PILING ON THE CALORIES

Ladies,

it's that time of the month again. The period of time that makes us rethink if we really do fancy being a woman, and in which men once again reassure themselves that they would never in any lifetime want to BE us. However, if you're a man with burning desire to experience a woman's woes, we can talk :) 


BACK. 
Every clothing that I wore today, I HAD to hand-wash. That's how agonising it can get, even though you and I know that this is obviously not the worse that can happen because basically, everything can happen. And that has happened. This monthly bodily cycle of the womb's preparation for an egg has the ability to drain all the colour out of you. Figuratively and literally speaking. At the end of the day I end up limp and lethargic because this.. this thing requires a significant amount of effort and energy to tend to; that is what actually really bothers me, but not the ongoing process per se. I'm not going to deny, though, it itself never fails to horrify/ amaze/ surprise/ do all of the above to me. All the time. Even now. 


I need somebody to lock up this desktop and secure it with a 1000 kg heavy duty lock and throw it into the pacific ocean.

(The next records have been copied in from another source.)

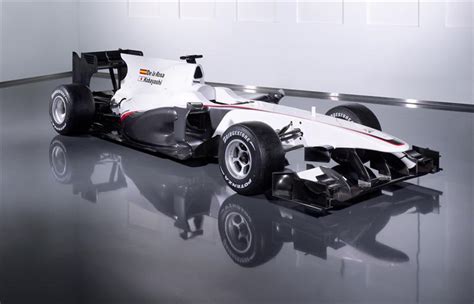 2010 BMW Sauber C29 Image. Photo 14 of 14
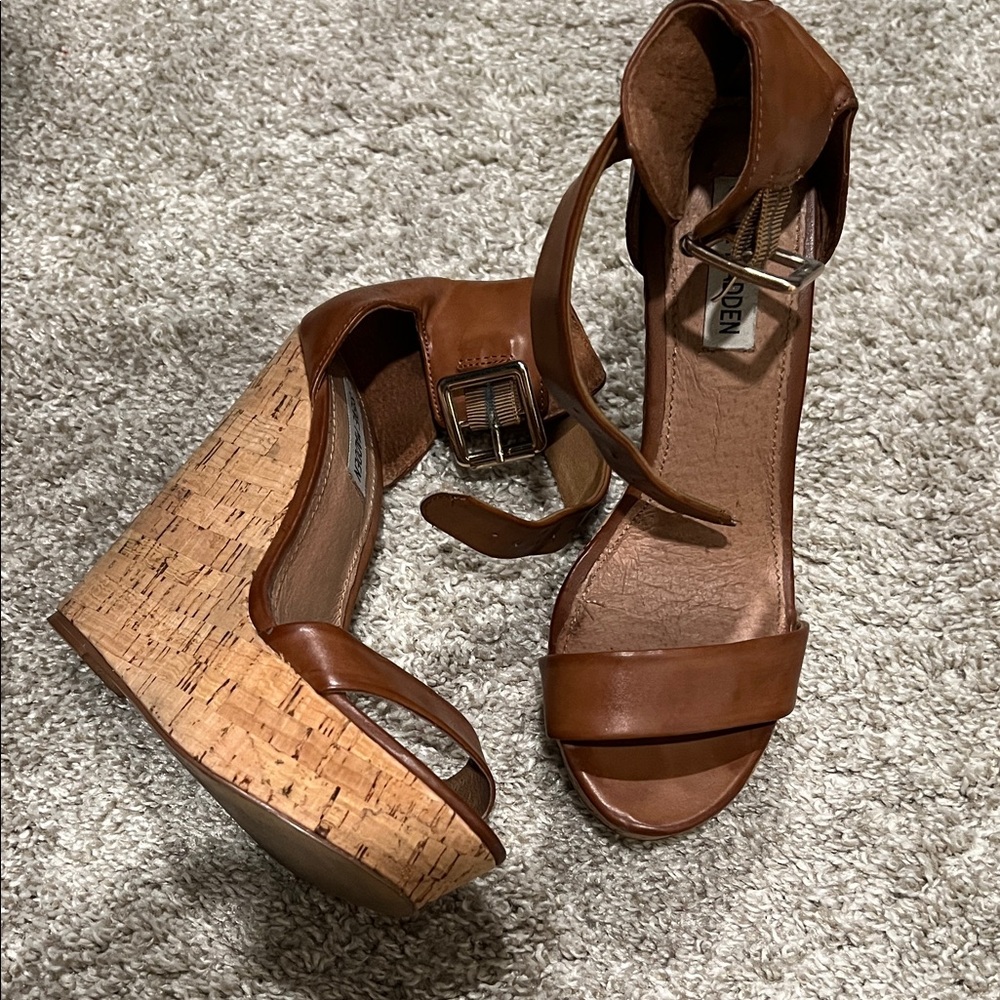 Steve Madden Tan Leather Wedge Sandals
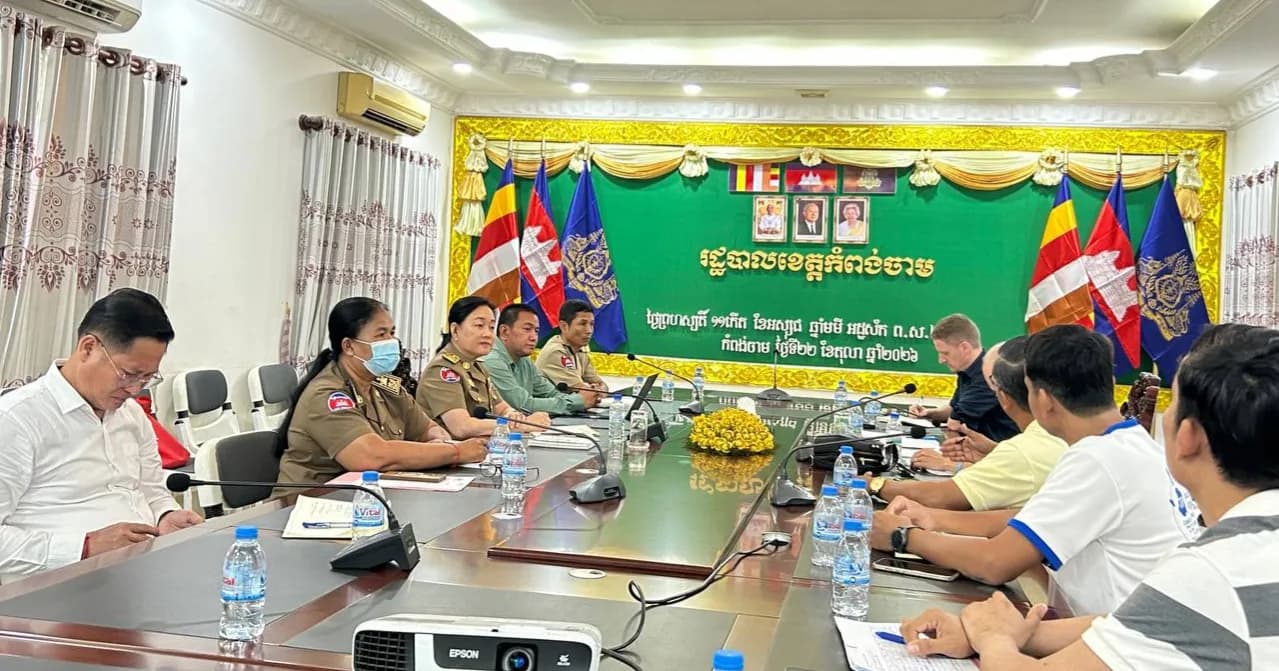 លោកស្រីអភិបាលរងខេត្តកំពង់ចាម ជួបពិភាក្សាជាមួយអង្គការសម្ព័ន្ធចាប់ដៃ ដើម្បីរៀបចំសំណើគម្រោងប្រយុទ្ធប្រឆាំងអំពើជួញដូរមនុស្ស និងលើកកម្ពស់ជីវភាពសហគមន៍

My sister is crazy. Now, when she has the time and if the kitchen is fully equipped, she will launch into a baking frenzy. Cupcakes, marble cake and chocolate lava cake, though the latest creation hadn't been successful so far. She bakes, I lick, she eats, I eat, we eat. EMBRACE THE CALORIES. I, in particular (actually, change that to solely) love to lap up batter. I'm just drawn to naked raw batter. Flour and eggs and sugar and vanilla essence and butter all whisked together into one bowl of creamy goodness. Obviously, that's for Amanda. I've been trying to figure out what my problem(s) is (are) all this while too. When my mum makes pancakes, I dip my fingers at least thrice into the batter. When my sister makes buttercream icing, I literally polish off the bowls AND spatula. When she makes chocolate lava cakes, which ended up semi-cooked and all weird and gooey, I poked my fork at it anyway. In my defence, my sister started digging into the bowl of "lava cake", so I followed suit. I loved it. 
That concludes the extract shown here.